I would like to mention briefly the importance of sustainable fisheries. Ninety-five per cent of those who live from fisheries are in the developing world and a billion people depend on fisheries for their main intake of protein. With increased demand for food, it becomes more important than ever before to make sure that fishing is conducted in a sustainable manner.

The UN University Fisheries Training Programme in Iceland reflects our emphasis on the importance of providing training and sharing technology for sustainable fisheries, which can provide increased food supply for some of the poorest. The Icelandic International Development Agency (ICEIDA) has concentrated on capacity–building projects in the field of fisheries in southern Africa, Asia, and Central America.

Climate change and high energy prices are challenges that also call for urgent action. Many oil-importing developing countries, including Small Island Developing States, suffer the most as their economies are more oil-intensive and less able to get through the financial turmoil created by higher oil-import costs. Transformation of their energy systems is urgent.

Icelandcan serve as an example of how to battle increased oil prices and climate change through comprehensive transformation of the energy system. We have transformed Iceland from being predominantly a fossil-fuel user into a world leader as regards the production and consumption of clean energy. Now 100% of our electricity is produced from clean energy sources, and over 75% of our total energy needs, including fuel for cars and shipping, are met by hydro or geothermal power.

We believe that if Iceland could do this, so can others. Our experience from harnessing our renewable energy resources can benefit other nations. In particular geothermal energy can play an important role in this aspect in many parts of the world. Contrary to what many people believe, geothermal energy is accessible in a great many countries, many of them developing countries, but it has not been harnessed due to lack of know-how to do so. Renewable energy is the solution but it can be hard to adopt new technology if it is not at hand. Transfer of technology is therefore crucial.

For almost 30 years the Icelandic government has operated and funded the United Nations University Geothermal Training Programme, training hundreds of young professionals, both men and women from 40 developing countries. These professionals have later become instrumental in the buildup of geothermal energy projects in their home countries.

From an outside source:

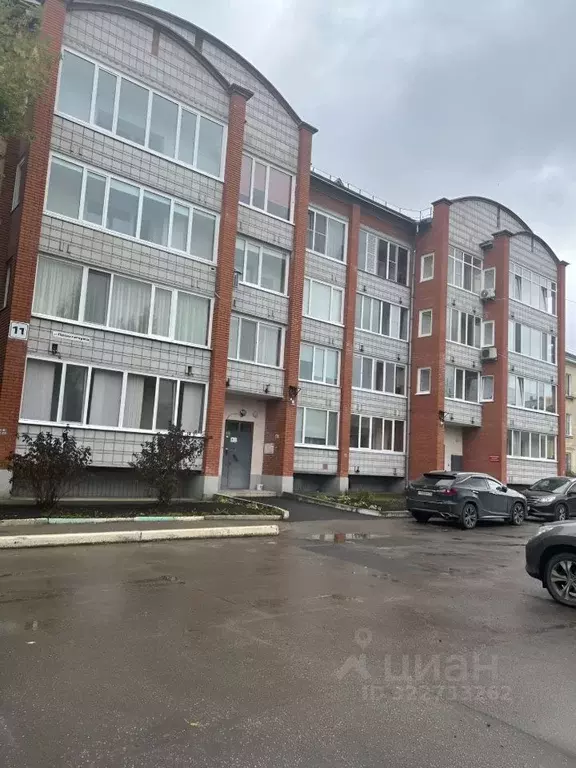 2-к кв. Томская область, Северск ул. Леонтичука, 11 (85.0 м) - Фото 1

This is one kind of technological transfer that we believe is helpful and which should be expanded in the years to come.

The potential for hydro power is also vast. Africa, for example, is at the moment only using 7% of its potential hydro power. Iceland will be hosting in June 2009 an international conference on sustainable hydro-power. We sincerely hope that many participants from developing countries will be able to attend.

In conclusion, Mr. President, we face a challenge and what is required for the solution is political will and more effective international cooperation both with respect to technology transfer and innovative financing for sustainable development.